The Suburban essentially is the same vehicle as the Tahoe, except at the rear. The cargo compartment is extended, giving the Suburban 39.3 cubic feet of cargo space behind the third-row seat — 24 cubic feet more than the Tahoe, at 15.3 cubic feet.
The Tahoe/Suburban and its siblings received their last full makeover for 2015, and the Midnight Edition package was added a year later. It’s also available on the Silverado Crew Cab pickup, which is almost the same vehicle underneath as the Suburban and Tahoe — it just has the cargo area turned into an open truck bed. The Silverado Midnight Edition has much the same look as the Suburban and Tahoe versions, with the same black wheels and trim.

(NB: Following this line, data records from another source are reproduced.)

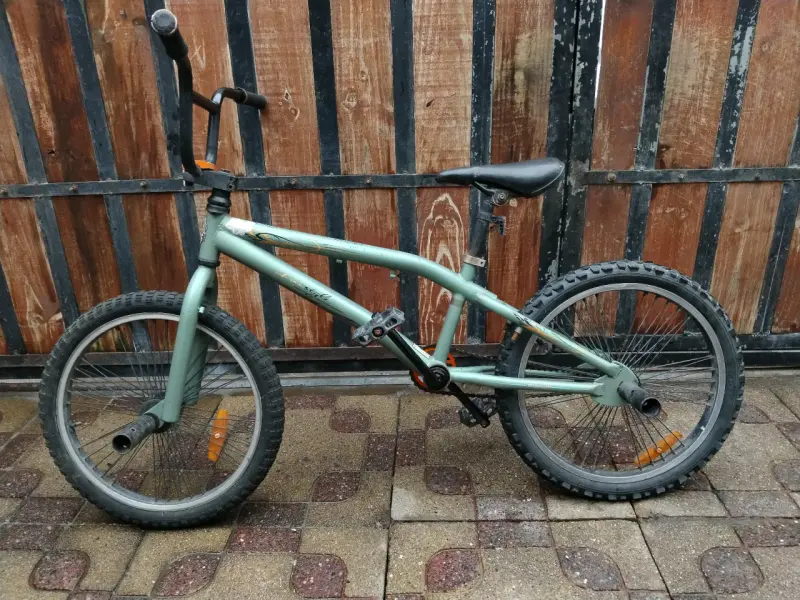 Bicicleta BMX - 1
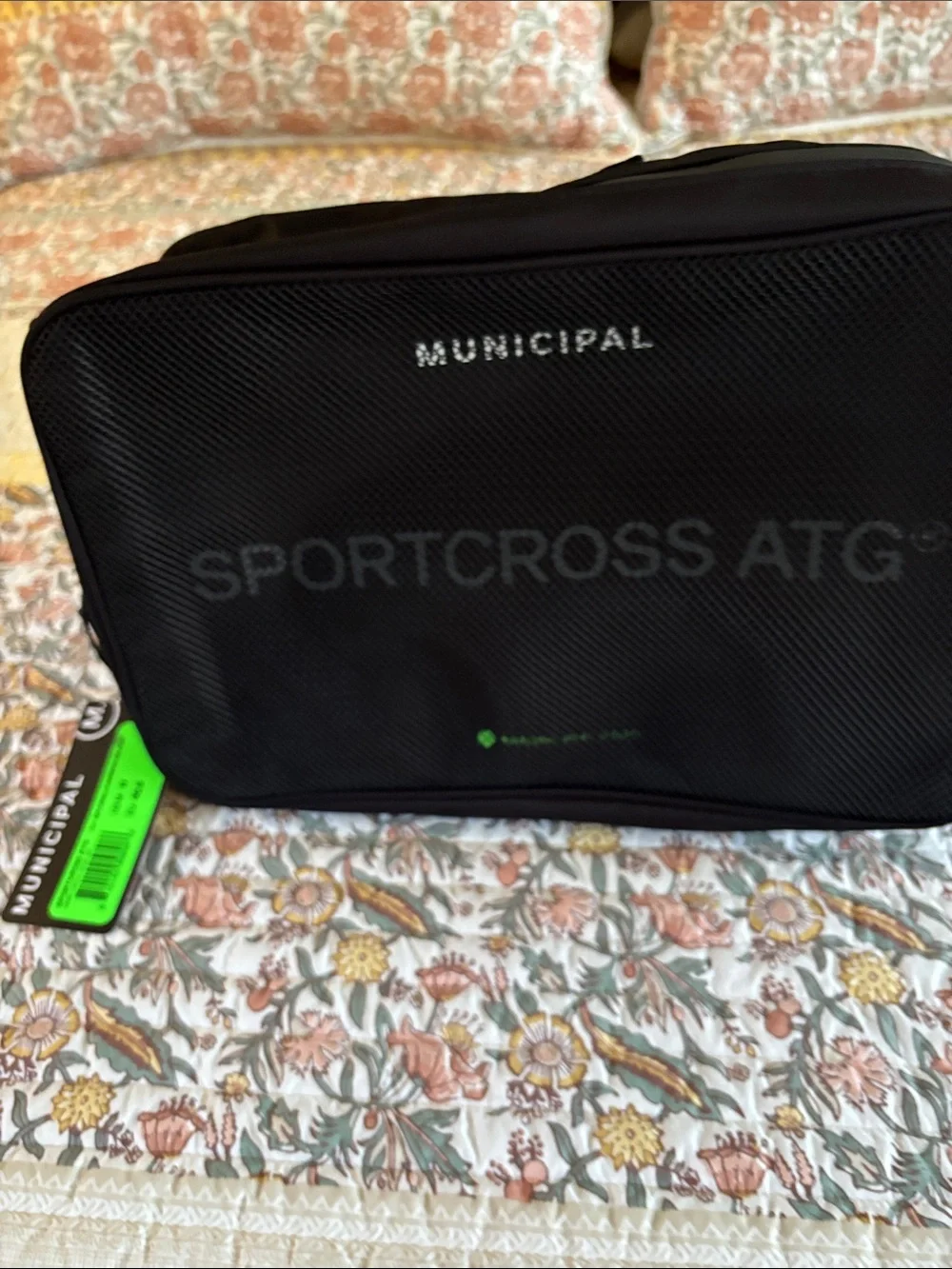 Municipal black travel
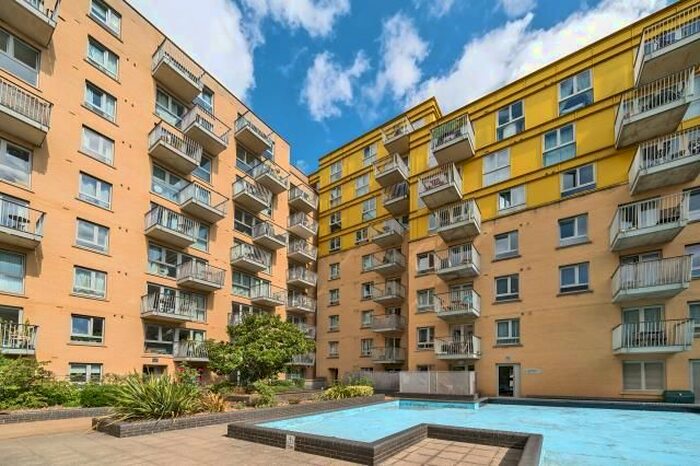 3 Bedroom Flat To Rent In Eden Grove, London, N7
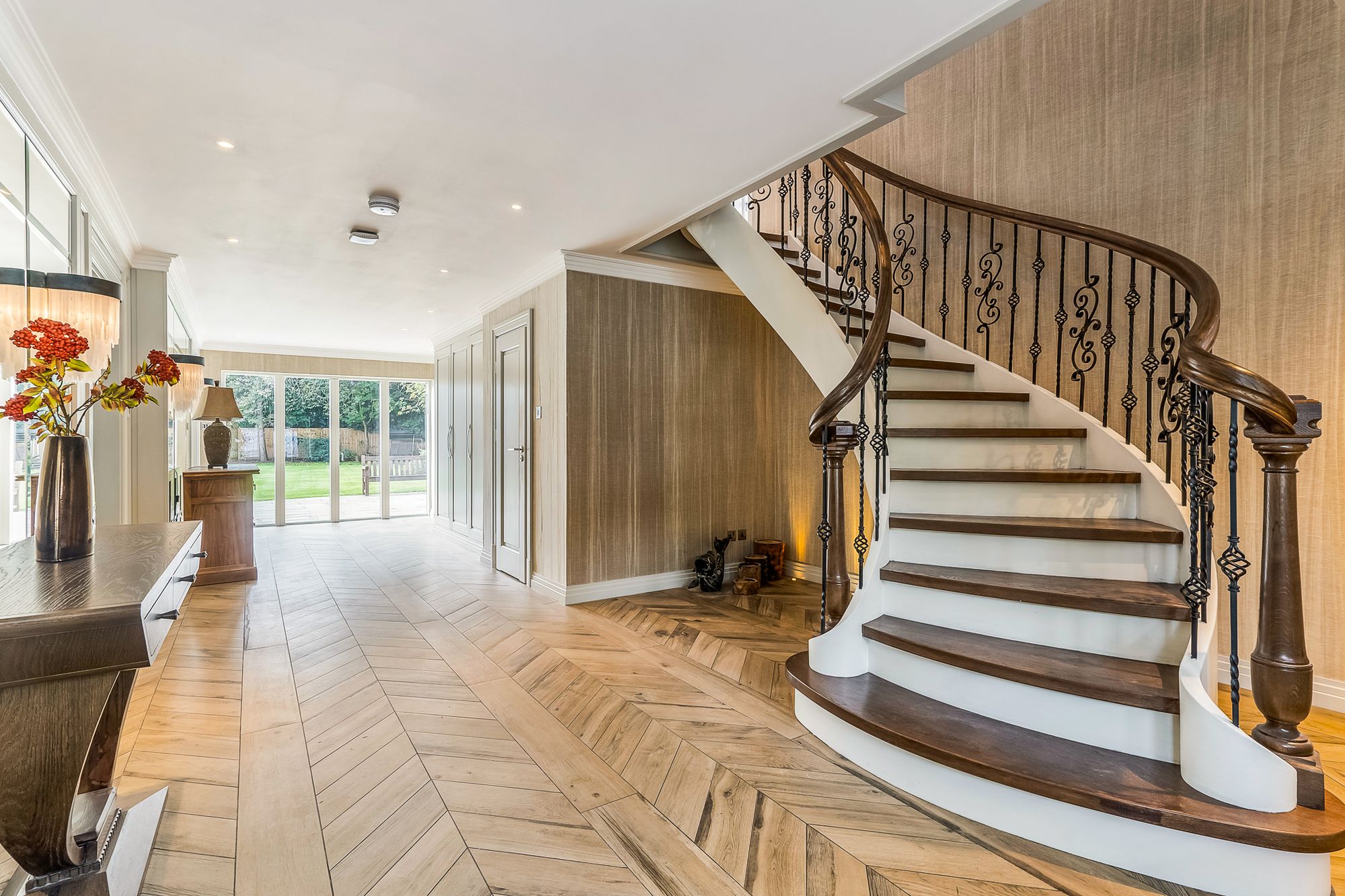 6 bed detached house for sale in Windmill Lane, Barnet, EN5 1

Our Suburban tester was the four-wheel-drive LT trim level, with a base price of $58,280 (plus $1,295 freight) before adding the Z71Midnight Edition Package ($2,285). With the package came the 18-inch black-painted aluminum wheels, blackwall all-terrain tires, black tubular assist steps, black roof rack, tow hooks, underbody skid plate package, 3.42 rear axle ratio, Autotrac active two-speed transfer case, hill-descent control, front and rear black Chevy bowties, Z71 grille decals, high-capacity air cleaner and Z71 rubber floor mats. The vehicle came with a black interior, too.
Also included on our tester was the Suburban Luxury Package ($2,860), which added passive entry with remote keyless start, heated second-row seats, third-row 60/40 split bench seat with power fold, power tilt/telescopic steering column, heated steering wheel, rear cross-traffic alert, lane-change alert with side blind-zone alert, power/heated outside mirrors with turn signals, hands-free power liftgate, front and rear park assist, and front fog lights.
We also had a Chevy MyLink audio/navigation system with eight-inch color touch screen ($495) and a power sunroof ($995). Dealer-installed wheel locks were an additional $70.
Our Suburban was powered by a 5.3-liter Ecotec3 V-8 engine with 355 horsepower and 383 foot-pounds of torque. It was paired with a six-speed automatic transmission, although Chevrolet now offers a 10-speed automatic with the optional 6.2-liter V-8.
With three rows of seats, the Suburban can carry up to eight passengers — two up front, and three each in the middle and third rows. But our tester came with power second-row bucket seats ($795), which replaced the second-row bench seat, and cut the passenger capacity to seven.
The 39.3 cubic-foot cargo area behind the third row is big enough for luggage and sports gear for a long family trip. With the third row folded, it expands to 76.7 cubic feet; and with middle and rear seats folded, there is 121.7 cubic feet of cargo space.
For 2018, Suburban prices begin at $50,200 (plus freight) for the base rear-wheel-drive LS model. It’s available with four-wheel drive at all trim levels. There is a rotary dial on the dash to the left of the steering column that has setting for 2WD, Automatic, 4WD High or 4WD Low, which is a low-range setting for serious off-road driving.
The Suburban is a very pleasant highway vehicle, with a quiet cabin, smooth ride, and a more-efficient powertrain than the previous generation.
With $7,500 in options and the freight charge added to the base price, the total sticker price for our 2018 Suburban LT Z71 Midnight Edition four-wheel drive was $67,075.